What a whirlwind this past week has been!
Mike and I finished the final events (*so far) of the Texas portion of our book tour this week.
We drove back from Hemphill on Friday morning, to be greeted by a Texas-sized traffic slowdown on I-10 near Baytown as we rushed to reach our noon appointment at Johnson Space Center. We were only a few minutes late meeting Lori Wheaton of JSC External Affairs who whisked us away to the Sonny Carter neutral buoyancy lab north of JSC.
The size of the facility defies description. The pool is so deep (40 feet) that the water make it appear that the bottom is curved in a concave vault shape! The size of the modules in the water showed just how large the International Space Station really is, and how hard it must have been for the astronauts fo We arrived just after a training session. Two people walked by us wearing astronaut cooling garments, and we saw technicians preparing one of the astronaut EVA suits to be carted away.
Back at Johnson, we set up in Building 3’s cafeteria for a book signing starting at 3:00 p.m. It was an unusual time for them to host a signing, as the employee store normally closes at 3:00, and this being a Friday, it was uncertain just how many employees would want to come by. Much to our surprise and relief, we had quite a turnout. More than 80 people had books signed. Many people told us about their personal experiences with the search and recovery effort.
On Saturday, I took advantage of a generous offer that Tracy Lamm of Space Center Houston to take me around the visitor center before our scheduled presentation. I enjoyed seeing “the other Columbia,” the Command Module from Apollo 11, in the central part of the main room. Tracy also took me out to the Shuttle Carrier Aircraft and the Space Shuttle. I hadn’t been inside the SCA before, and I had forgotten just how big a 747 is inside! I was particularly impressed with the video about the gentleman who used radio controlled airplanes to model how the SCA would have to perform in order to lift the shuttle.
I had the rare good fortune to have a quiet meal with Tom Jones in the conference room in between two of Tom’s appearances that day. Tom had just finished an in-depth reading of “Bringing Columbia Home.” I was flattered that he had so many nice things to say about the book and the anecdotes that had most impressed him. Tom’s always been one of my favorite astronauts, and I feel so lucky that I’ve gotten to know him over the years since we used to run into each other at one of our favorite hangouts, Cafe Sano in Reston.
Mike arrived after lunch. Tracy took Mike around for a short tour. While they were in the Apollo 11 exhibit, I ran into Belinda Gay, who was attending the Space Exploration Educators Conference (SEEC) at the space center. While I was talking to her, Rene Arriens also came by. Rene was on the closeout crew in the shuttle White Room. He was also a searcher in Sabine County during the Columbia recovery. He’d never met Belinda before. When he started to recall his experiences in Sabine County, his emotions began to bubble to the surface. It didn’t help that I told him that Belinda had been responsible for the meals he ate in Hemphill’s VFW hall. The two of them shared a tearful hug. What a powerful moment that was, and I felt privileged to witness it.

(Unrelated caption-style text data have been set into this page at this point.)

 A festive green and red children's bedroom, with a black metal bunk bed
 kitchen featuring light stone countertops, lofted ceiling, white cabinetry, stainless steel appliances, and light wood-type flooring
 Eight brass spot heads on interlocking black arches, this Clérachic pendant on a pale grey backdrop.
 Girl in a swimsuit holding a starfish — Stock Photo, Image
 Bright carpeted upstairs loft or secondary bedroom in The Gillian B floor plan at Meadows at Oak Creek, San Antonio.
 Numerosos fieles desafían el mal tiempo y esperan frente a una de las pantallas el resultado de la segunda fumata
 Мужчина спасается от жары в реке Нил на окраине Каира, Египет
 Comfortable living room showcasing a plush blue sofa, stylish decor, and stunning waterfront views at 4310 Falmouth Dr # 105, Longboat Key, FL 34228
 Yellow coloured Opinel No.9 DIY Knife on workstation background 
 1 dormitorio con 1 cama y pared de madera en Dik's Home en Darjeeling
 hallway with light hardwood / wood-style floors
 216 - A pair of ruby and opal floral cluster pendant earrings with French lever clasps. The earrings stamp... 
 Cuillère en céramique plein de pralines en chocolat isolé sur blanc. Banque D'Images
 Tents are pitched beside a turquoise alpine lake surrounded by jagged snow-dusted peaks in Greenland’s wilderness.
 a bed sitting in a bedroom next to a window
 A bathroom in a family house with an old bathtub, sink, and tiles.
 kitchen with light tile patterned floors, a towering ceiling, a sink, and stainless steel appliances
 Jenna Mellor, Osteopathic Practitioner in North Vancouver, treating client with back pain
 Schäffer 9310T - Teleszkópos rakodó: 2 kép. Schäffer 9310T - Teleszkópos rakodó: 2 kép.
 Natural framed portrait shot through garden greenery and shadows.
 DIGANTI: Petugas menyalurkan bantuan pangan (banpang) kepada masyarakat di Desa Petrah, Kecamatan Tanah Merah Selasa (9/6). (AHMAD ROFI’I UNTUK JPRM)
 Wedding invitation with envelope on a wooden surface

Mike and I delivered our presentation to the SEEC as the keynote speakers for the last day. We were in an IMAX-size theater, and they had opened it up to any visitors who wanted to attend. Our audience was therefore a mix of educators and the public. But everyone seemed very interested in what we had to say about that remarkable time in history. Mike and I pointed out Belinda in the audience when we talked about the volunteer effort, and she got a big round of applause. We had some great questions, such as how educators might petition to use Columbia debris in the classroom. Mike encouraged them to submit applications. I concluded with a few comments about the divisive mood of the country during the accident recovery, and that if we could put differences aside then, we could certainly do so now to accomplish important work.
After the talk, we signed books in front of the gift shop. In the course of 1-1/2 hours, we signed more than 120 books for some very enthusiastic educators. I met several fellow Solar System Ambassadors, which I enjoyed very much. Many families also came through. One young fellow at the end asked for advice on how to become an astronomer. He thought I was an astronaut! I set him straight—but I did feel compelled to show him some photos from my zero-G flight in 2016!
And so concluded the Texas leg(s) of our book tour. What a magical time it’s been. I have really enjoyed the enthusiastic reception the book has gotten, and it’s been a real thrill to meet so many interested people. I heard a lot of stories about what it was like to witness the accident and live through the aftermath. It all just goes to deepen my respect for the people who took part in this incredible time in our nation’s history.
Mike and I fly to our respective homes on Monday to catch our breath and relax in familiar surroundings. But we’ll be back on the road later on in the week. We’ll be signing books at the Smithsonian’s Udvar-Hazy Center in Chantilly, Virginia next Sunday (February 11) from 12:00-3:00. Our presentation at the NASM in downtown Washington, DC will be on Monday, February 12 from 2:00-2:30.